Training MedSLM-SFT: Supervised Fine-Tuning for Medical Instruction Following
In this post, we fine-tune MedSLM using LoRA and QLoRA to transform it from a text completion engine into a medical question-answering assistant. We use Unsloth for 2-5x faster training with 70% less memory.

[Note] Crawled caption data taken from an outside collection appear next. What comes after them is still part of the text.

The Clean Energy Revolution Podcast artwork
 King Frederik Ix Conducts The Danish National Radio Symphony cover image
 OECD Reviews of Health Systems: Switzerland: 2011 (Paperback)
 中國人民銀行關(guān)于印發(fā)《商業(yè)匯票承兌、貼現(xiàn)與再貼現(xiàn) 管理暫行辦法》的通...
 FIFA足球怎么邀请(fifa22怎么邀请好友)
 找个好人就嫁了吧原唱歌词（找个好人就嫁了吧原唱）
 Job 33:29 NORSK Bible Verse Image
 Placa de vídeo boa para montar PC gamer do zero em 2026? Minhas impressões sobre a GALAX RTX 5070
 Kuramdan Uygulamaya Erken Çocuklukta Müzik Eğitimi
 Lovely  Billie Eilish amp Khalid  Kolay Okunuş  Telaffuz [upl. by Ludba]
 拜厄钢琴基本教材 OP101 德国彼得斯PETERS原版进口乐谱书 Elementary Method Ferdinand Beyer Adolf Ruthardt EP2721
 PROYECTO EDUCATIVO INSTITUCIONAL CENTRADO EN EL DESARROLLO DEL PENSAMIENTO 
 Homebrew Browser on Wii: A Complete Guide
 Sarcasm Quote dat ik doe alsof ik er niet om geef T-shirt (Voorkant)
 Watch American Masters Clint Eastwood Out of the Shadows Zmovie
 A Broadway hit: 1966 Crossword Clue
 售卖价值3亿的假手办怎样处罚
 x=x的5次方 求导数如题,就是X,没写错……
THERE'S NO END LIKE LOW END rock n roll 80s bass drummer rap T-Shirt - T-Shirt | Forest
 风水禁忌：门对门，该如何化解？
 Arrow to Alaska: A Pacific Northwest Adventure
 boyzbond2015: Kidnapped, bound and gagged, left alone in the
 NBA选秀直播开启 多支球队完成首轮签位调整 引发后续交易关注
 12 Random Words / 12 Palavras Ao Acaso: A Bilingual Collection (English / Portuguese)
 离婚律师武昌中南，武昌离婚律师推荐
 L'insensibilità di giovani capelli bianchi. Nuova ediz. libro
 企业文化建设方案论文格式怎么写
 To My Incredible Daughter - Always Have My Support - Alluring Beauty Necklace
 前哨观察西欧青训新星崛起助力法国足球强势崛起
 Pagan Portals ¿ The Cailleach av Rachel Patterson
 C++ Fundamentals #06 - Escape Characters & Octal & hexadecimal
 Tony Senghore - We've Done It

In the previous post, we curated a high-quality medical SFT dataset. Now we use it to instruction-tune MedSLM — teaching it to follow a structured question-answering format using parameter-efficient LoRA adapters.
#Why LoRA Instead of Full Fine-Tuning?
Full fine-tuning updates all ~330M parameters, requiring significant GPU memory and risking catastrophic forgetting of the medical knowledge learned during pre-training. LoRA (Low-Rank Adaptation) freezes the pre-trained weights and injects small, trainable low-rank matrices into specific layers. QLoRA goes further by quantizing the frozen base weights to 4-bit precision, reducing memory even more.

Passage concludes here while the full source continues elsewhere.